Electrical Engineering
      and Computer Sciences

Electrical Engineering and Computer Sciences

COLLEGE OF ENGINEERING

UC Berkeley

   

2008 Research Summary

Properties of Maximum and Maximal VC-Classes

View Current Project Information

Benjamin I. P. Rubinstein, J. Hyam Rubinstein1 and Peter Bartlett

A compression scheme of size k for concept class C consists of a compression function that maps an n-sample consistent with C to a k-subsample and a reconstruction function that maps the subsample to a concept consistent with the original n-sample. Littlestone and Warmuth showed that having a compression scheme is sufficient for learnability [2]; whether this was necessary inspired their sample compressibility conjecture.

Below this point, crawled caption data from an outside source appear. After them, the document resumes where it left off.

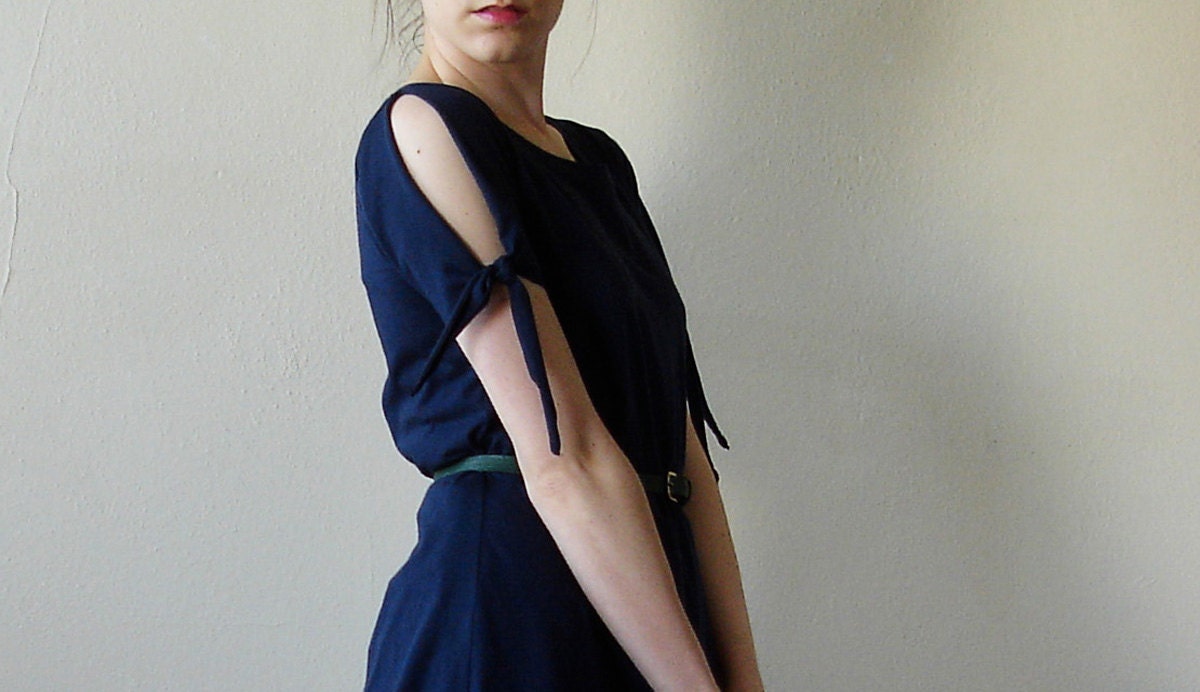 Tie Sleeve Dress Organic Cotton Knit Medium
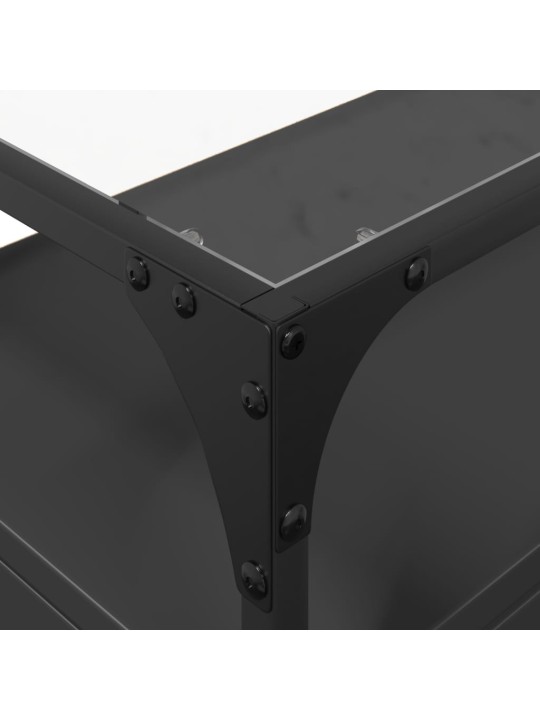 TV skříňka se skleněnou deskou černá 98 x 35 x 51 cm kompozit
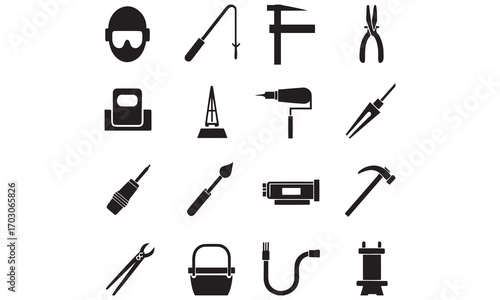 Blacksmith Tools and Forging Icons Anvils, Hammers, Welding, Safety Gear & Metalworking

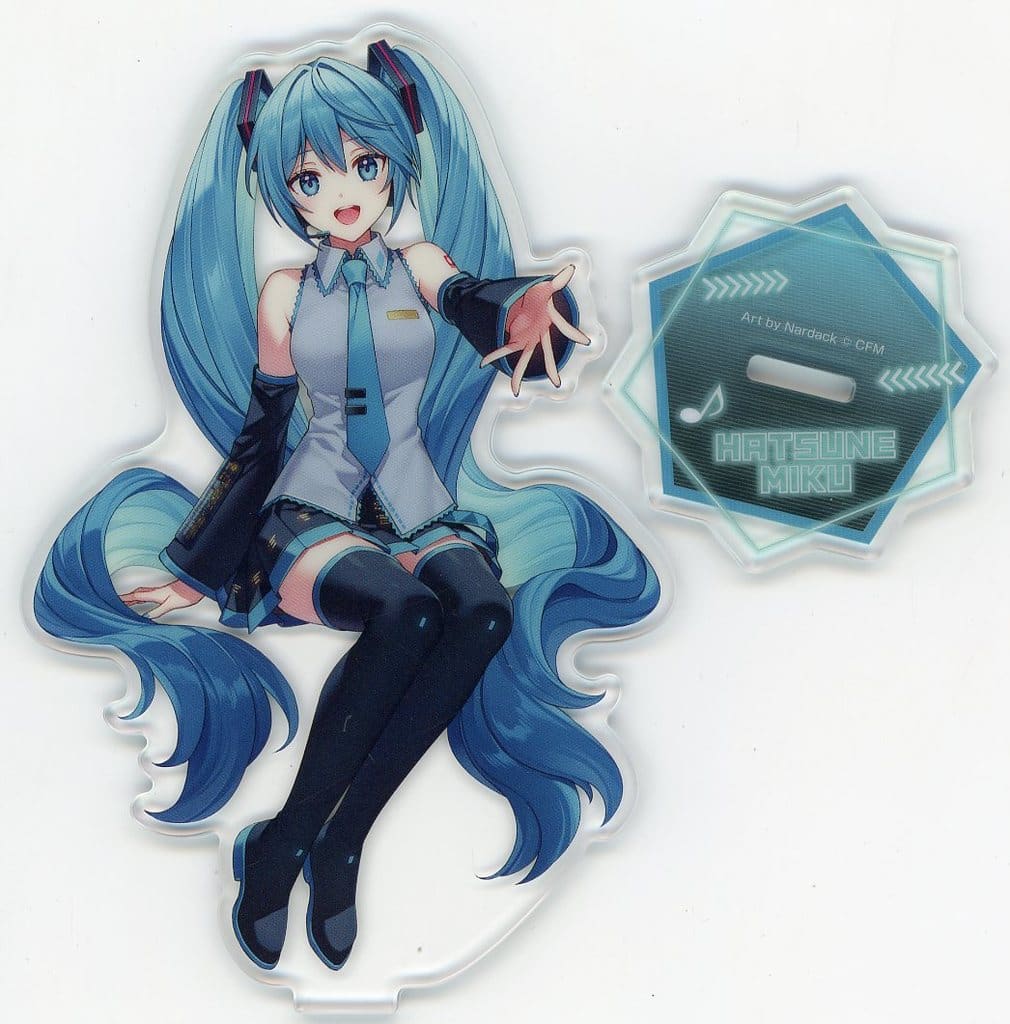 Hatsune Miku Acrylic Stand D Prize — FURYU "Noodle Stopper" Lottery Illustration by Nardack (Approx. 14 cm / 5.5 in, Pre-owned)
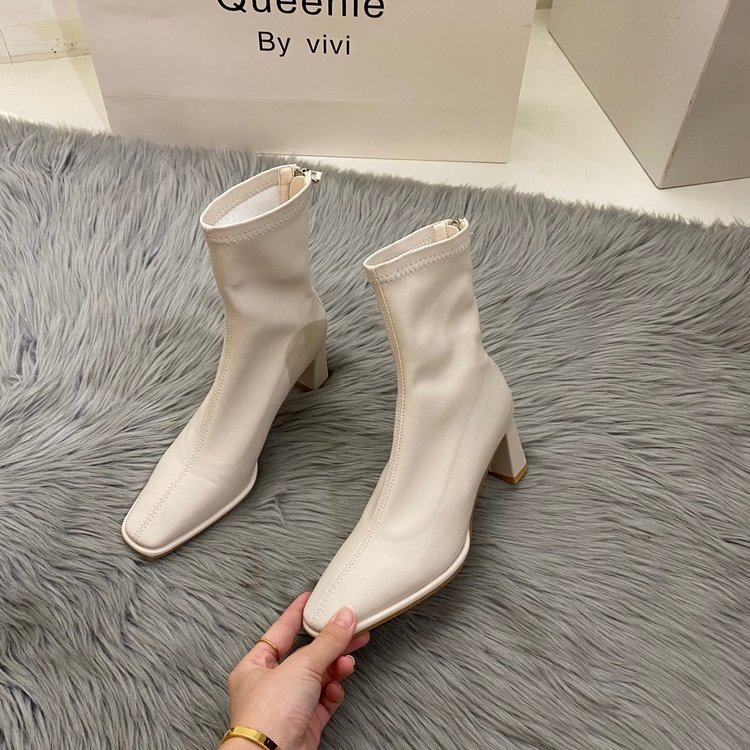 SL893 BLACK/KHAKI/BEIGE-BOOTS IMPORT BAHAN KULIT MURAH-IMPORT WOMAN BOOTS 6CM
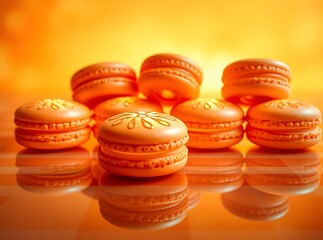Fototapeta premium Orange Macarons: A close-up shot captures the exquisite artistry of an assortment of golden-hued macarons, arranged in a delightful pyramid on a lustrous surface. It's a feast for the eyes.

This conjecture predicts that every concept class of finite VC-dimension d has a compression scheme of size d [2]. It has been known for some time that maximum classes (concept classes meeting Sauer's Lemma with equality) can be d-labeled compressed. Recently Kuzmin and Warmuth in [1] proposed the elegant Peeling scheme and conjectured that it is a d-unlabeled compression scheme for maximum classes. A correctness proof was conjectured, relying on a graph density upper bound and a minimum degree lower bound. In [3] we prove the density bounds (Conjecture 9.1 of [1]), while in [4-5] we disprove the conjectured degree bound (Conjectures 3.1 and 9.2). Compressing general VC classes is easily reduced to compressing maximal classes (where the addition of a single concept must increase dimension); one popular approach to d-compressing general concept classes is to embed maximal classes into maximum classes, with at most a small increase in VC-dim. We are interested in a proof of correctness for Peeling as it would imply a negative result about maximal in maximum embeddings.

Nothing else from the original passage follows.